Calculate ROI For a More Strategic Transition to Remote Teams
Your finance team did a bit of quick math to calculate ROI for making the transition to remote teams permanent based on real-estate savings and reduced commute times. But, you know it’s more complicated than that.
So how do you take a more comprehensive approach to measure the ROI?
Beyond the Past Pivot
If you’re like so many of our clients, the pandemic caused you to pivot fast to remote work and virtual teams.
You’ve got a long list of pros and cons and anecdotal ROI calculations.
Some employees love it.
Some hate it.
So where do you start? How do you truly measure the ROI of remote vs. in-person work?
In this episode of Asking For a Friend, I talk with Jack Phillips, author of High-Impact Human Capital Strategy and Chairman of ROI Institute about how to calculate ROI for remote work vs. in-person work.
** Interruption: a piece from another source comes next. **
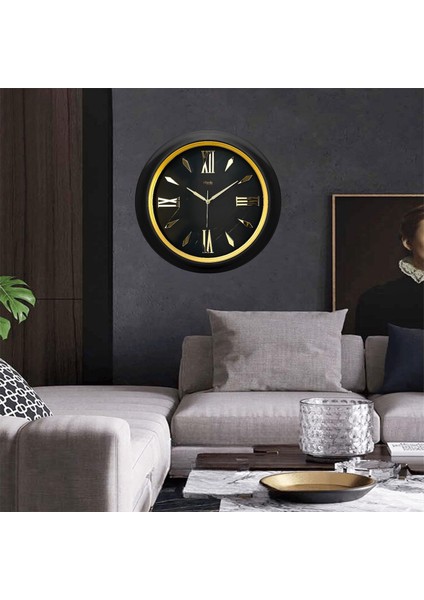 Roma Rakam Siyah Duvar Saati 48x48 Büyük Boy Modern Tasarım
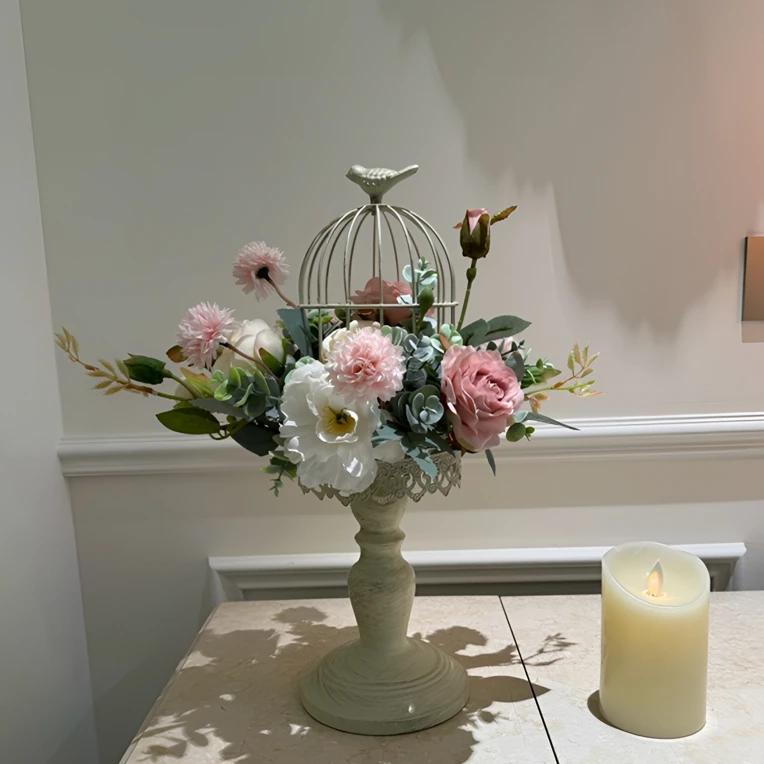 仿真花鸟笼摆件小清新桌面家居摆件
Karin Hurt Talks with Jack Phillips About a Strategic Approach to Calculate ROI
1:30 More details about Jack Phillip’s approach to calculating ROI.
2:55 A case study published by SHRM of an insurance company that allowed claims processors and claims examiners to work from home (before the pandemic.)
3:40 Companies are asking how to know what is better for the company and the employees now that there is a choice in the work location. (Office, home, hybrid)
4:16 What are key areas to look at to calculate ROI of remote work?
- 4:20 Reaction: How do people (employees and managers) see this situation?
- 5:08 Learning: the rules for working at home and how to work remotely, measuring by self-assessments, quizzing, or observation.
- 6:27 Application: is it working? Are we following processes? Are we able to manage well?
- 7:20 Impact: What are tangible measures (to covert to money, i.e. savings in office expense), retention levels, and productivity levels. Are there fewer distractions, less stress, and more effort expended to help guarantee the remote option continues? Other items to consider are a reduction in absenteeism and sick days.
9:20 What are intangible measures such as lower stress, convenience, money savings for employees?
10:15 Karin: Have all of your studies shown that remote work results in higher ROI? Jack: so far, yes.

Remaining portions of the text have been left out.